Em outras palavras, o presidente americano defendeu a redução do consumo nos Estados Unidos como um primeiro passo para reorganizar a economia do país. Isso, por sua vez, é equivalente ao aumento das exportações e redução das importações, o que só pode ser obtido com a desvalorização do dólar.

Em seguida, mudando o foco para os países com superávits, Obama escreveu que "assim como os Estados Unidos devem mudar, também devem as economias que anteriormente dependeram das exportações para contrabalançar as fraquezas da sua própria demanda".

Não contente com o recado à Alemanha e à China, o presidente americano ainda afirmou que "o rebalanceamento das fontes da demanda global, junto com a determinação pelo mercado das taxas de câmbio que reverta significativas subvalorizações, são a melhor base para as mudanças que tragam a recuperação vigorosa e bem equilibrada que todos queremos". A China tem uma taxa de câmbio desvalorizada e não fixada pelo mercado.
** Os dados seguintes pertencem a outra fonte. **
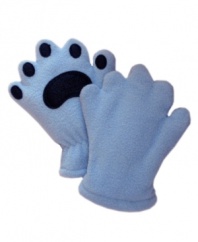 Easy to get on, these ThinsulateTM lined fleece mittens are adorable and warm! Bring out the bear cub in every kid!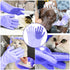 Pet Grooming Gloves, Dog Washing Gloves with High-Density Teeth, Silicone Dog Bathing Gloves with Enhanced Five Finger Design, Bathing and Massagi...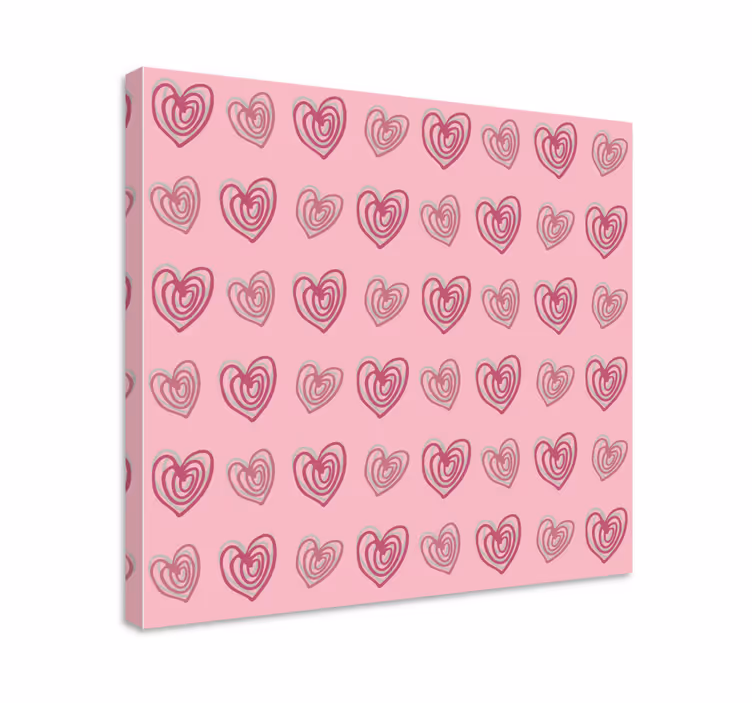 Motiverande kanvas med hjärtformad design - Tenstickers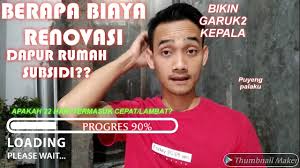 Disamping itu jika ingin rumahmu sekali pekengerjaan jadi. Biaya Renovasi Dapur Rumah Subsidi 2019 22 Hari Progres 90 Youtube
Interpretando por uma ótica americana, no documento final da reunião dos ministros das Finanças do G-20 em Gyeongju, na Coreia do Sul em 22 e 23 de outubro, Obama escreveu que "o novo consenso sobre cooperação econômica global" estabelece "como desreprimir a demanda nos países superavitários pode dar suporte a um forte crescimento global à medida que os países deficitários aumentam a poupança e consertam os balanços financeiros danificados pela crise"".

Para Obama, é esse enfoque que "compromete todos nós a seguir políticas que reduzam o risco de que desequilíbrios insustentáveis ressurjam". Num sinal de que esse risco é verdadeiro, o superávit comercial da China subiu para US$ 27,1 bilhões em outubro, mais do que os economistas previam.

Em seguida, o presidente americano reconhece que em Gyeongju enfatizou "a responsabilidade dos países com moedas de reserva" - é justamente por considerar que falta responsabilidade americana nesse papel, ao lançar a injeção de US$ 600 bilhões.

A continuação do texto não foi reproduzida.